Bhopal-Jodhpur Express

Overview
- Service type: Express
- Locale: Madhya Pradesh & Rajasthan
- Current operator: North Western Railway

Route
- Termini: Jodhpur (JU) Bhopal Junction (BPL)
- Stops: 72
- Distance travelled: 992 km (616 mi)
- Average journey time: 23 hrs 20 mins
- Service frequency: Daily
- Train number: 14813 / 14814

On-board services
- Classes: AC 3 Tier, Sleeper Class, General Unreserved
- Seating arrangements: Yes
- Sleeping arrangements: Yes
- Catering facilities: E-catering
- Observation facilities: Large windows
- Baggage facilities: No
- Other facilities: Below the seats

Technical
- Rolling stock: LHB coach
- Track gauge: Broad Gauge
- Operating speed: 43 km/h (27 mph) average including halts.

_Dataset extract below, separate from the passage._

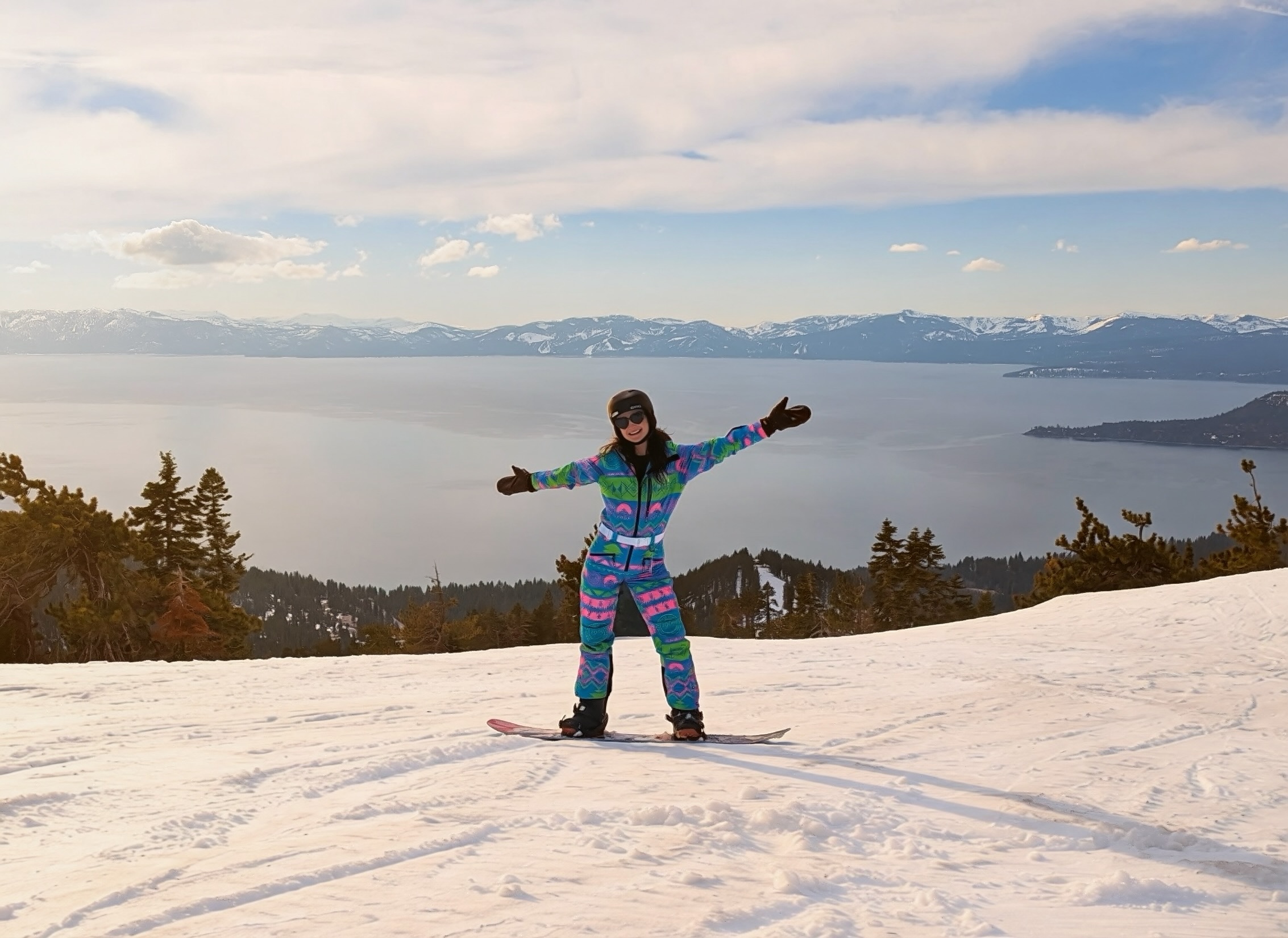 Snowboarder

= Bhopal–Jodhpur Passenger =

Train in India

The 14813 / 14814 Bhopal–Jodhpur Express is a daily express train which runs between Bhopal Junction the capital city of Madhya Pradesh and Jodhpur, second largest city in Rajasthan.

==Arrival and departure==
Train number 14814 departs from Bhopal Junction daily at 1655 hrs., reaching Jodhpur the next day at 1830 hrs.
Train number 14813 departs from Jodhpur daily at 0940 hrs., reaching Bhopal Junction, the next day at 0920 hrs.

==Routes and halts==
The train goes via. Bina Junction–Guna–Kota and Jaipur.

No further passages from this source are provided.